In addition to my lifelong, ongoing quest to learn how to play the guitar well, I have been nursing my Spanish along for a the last 30 years. In both cases, though, it just takes practice – which I never seem to be able to sustain for long periods of time. My Spanish is ok, but I would really like to become fluent. And that means broadening my vocabulary and hardening my grammar. And practicing.
I have two Spanish novels on my bookshelf that I have started to read several times over the years, and with my spanish-english dictionary in hand, have made my way through a couple chapters. It is hard work. Not just for my brain, but for the manual back-and-forth effort of putting the book down to pick up the dictionary, then putting it down to pick up where I left off in the book.
So, for the umpteenth time, I picked up one of them again last week, a novel called Nada by Carmen Laforet. I started at the beginning again. After about 2 pages I paused and experienced a moment of inspiration: wouldn’t it be great if I could read this book on an e-reader that would look up a word for me on the fly with the mere touch of a finger? What a great idea, maybe someone has thought of that already! 😉
I have a five year old 1st generation Kindle Fire with a kindle e-reader built in. So I downloaded a sample of the e-book version of Nada for free from Amazon and tried it out. But, alas, the device only has an English dictionary built in. I found a helpful document that explained that, unlike later Kindles, the 1st generation Fire does not support changing the default dictionary. Strike one.
I also have a Kindle e-reader app on my Mac. So I tried the same thing with it. But switching dictionaries was also not possible in that scenario. Strike two.

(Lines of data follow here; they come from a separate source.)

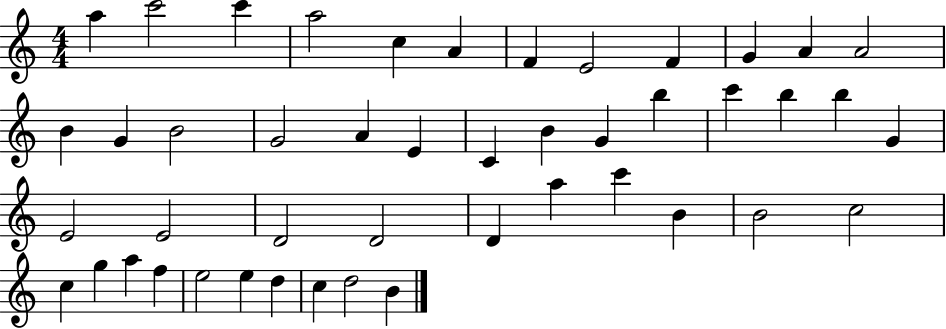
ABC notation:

X:1
T:Untitled
M:4/4
L:1/4
K:C
a c'2 c' a2 c A F E2 F G A A2 B G B2 G2 A E C B G b c' b b G E2 E2 D2 D2 D a c' B B2 c2 c g a f e2 e d c d2 B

I understand the kindle e-reader for iPhone and iPad may support what I want to do, but I’m really not interested in reading a book on my phone – too small. Nor buying an iPad – too expensive.
So, then I began to research whether what I wanted to do would even be possible with a new e-reader device, like the Kindle Paperwhite. And it appeared to be. There were two ways I could do it. One requires being connected to wifi to look up each word, by using the built-in “translate” feature, but that was not what I wanted. I don’t want to have to be online to lookup words. The other method requires downloading a Spanish-English translation dictionary to the device, and then making it the default dictionary for spanish e-books. Bingo. Sounded like a plan.
I am typically slow to embrace new technology and gadgets. But when I find a use for them that is important to me, I don’t waste time! So, I splurged and ordered the Kindle Paperwhite, which arrived yesterday. And in a matter of minutes I was in business. As of this morning, I am 10% of the way through the book. And I can almost feel my brain expanding. 🙂 Home run!
By the way, this is the Spanish-English translation dictionary I’m using. Seems to work great for what I want to do. Even better, I downloaded it for free by using the Kindle Owners’ Lending Library perk that comes with my Amazon Prime membership.
I also found a great free app for my iPhone called Duolingo, which seems to be a very decent tool for practicing and learning. I’ve even started trying to learn French and Irish with that app. Now THAT’S going to take a looooong time, but what the heck. Anyway, if you have any interest in learning or polishing your foreign language skills, check it out.